_Prompt_.
Once the line containing "Nella Wooden Wall" is found in the data below, repeat it and every later line exactly, leaving the pictures out.
=== Given information ===
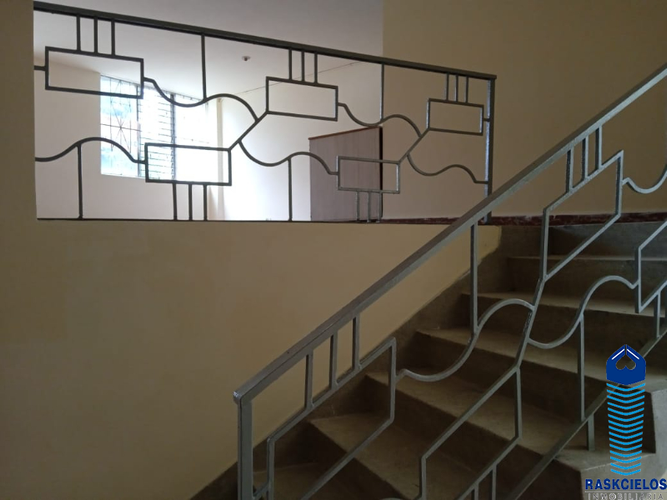Casa de 5 alcobas en venta en Calasanz, Medellín, 290 m² · foto 15 de 19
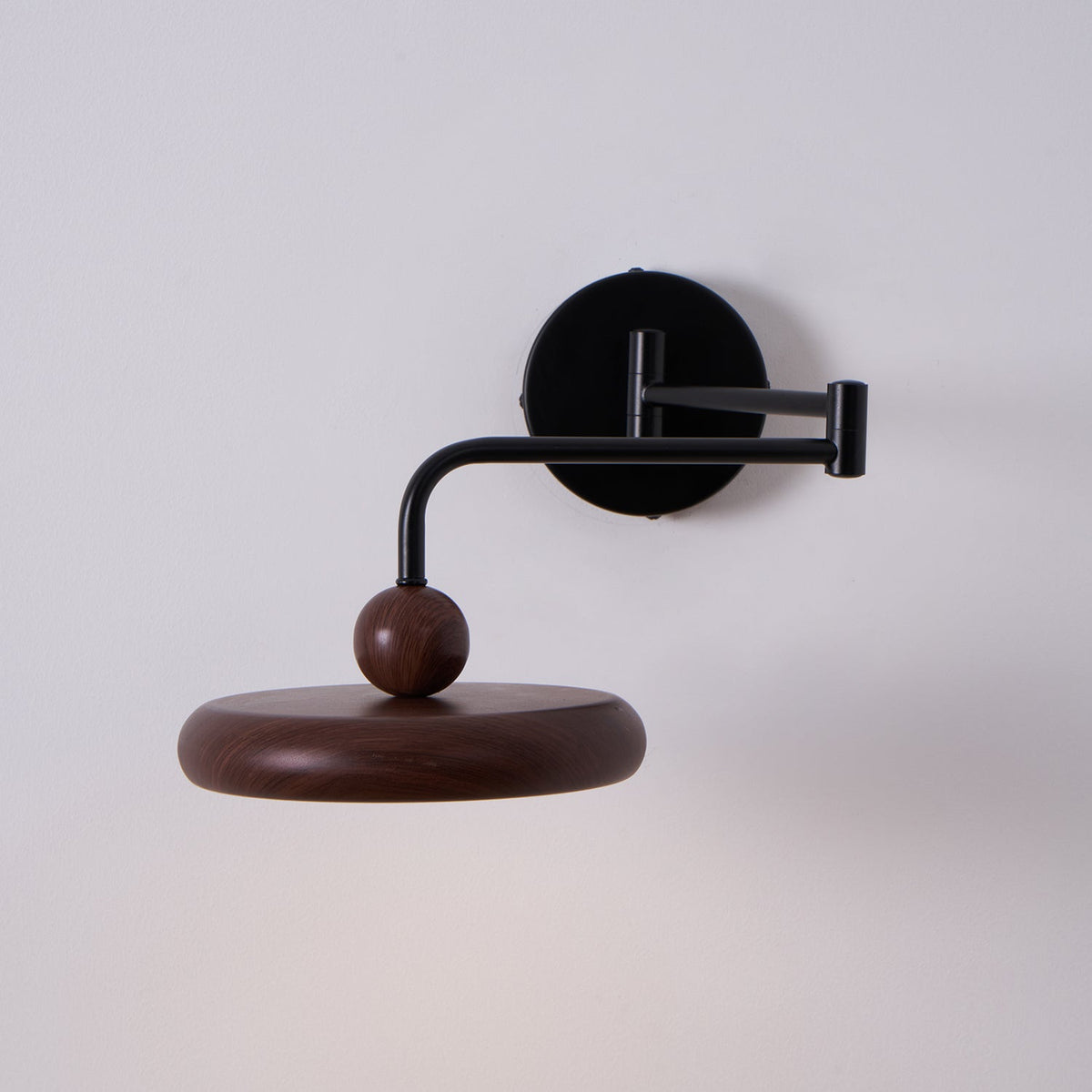 Nella Wooden Wall Light – Stylish Natural Wood Wall Sconce for a Warm, Modern Home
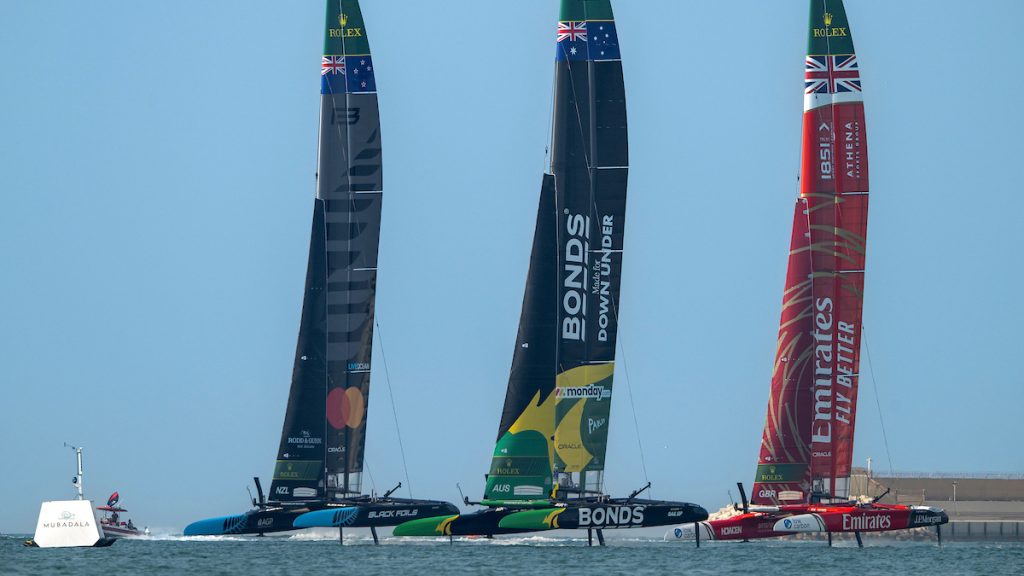 Dylan Fletcherin taktinen analyysi Emirates GBR:n SailGP-voitosta Abu Dhabissa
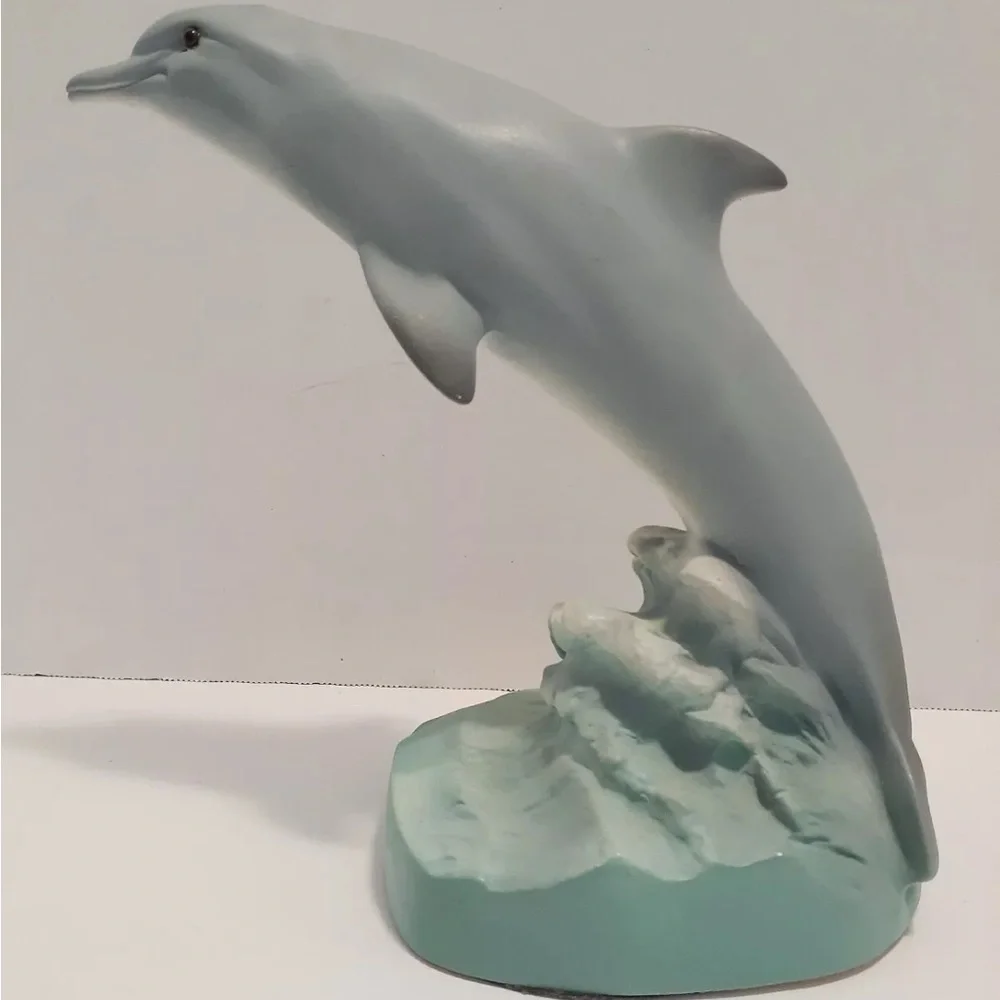 1994 Universal Statuary Dolphin Sculpture - Picture 2 of 9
===
_Response_.
 Nella Wooden Wall Light – Stylish Natural Wood Wall Sconce for a Warm, Modern Home
 Dylan Fletcherin taktinen analyysi Emirates GBR:n SailGP-voitosta Abu Dhabissa
 1994 Universal Statuary Dolphin Sculpture - Picture 2 of 9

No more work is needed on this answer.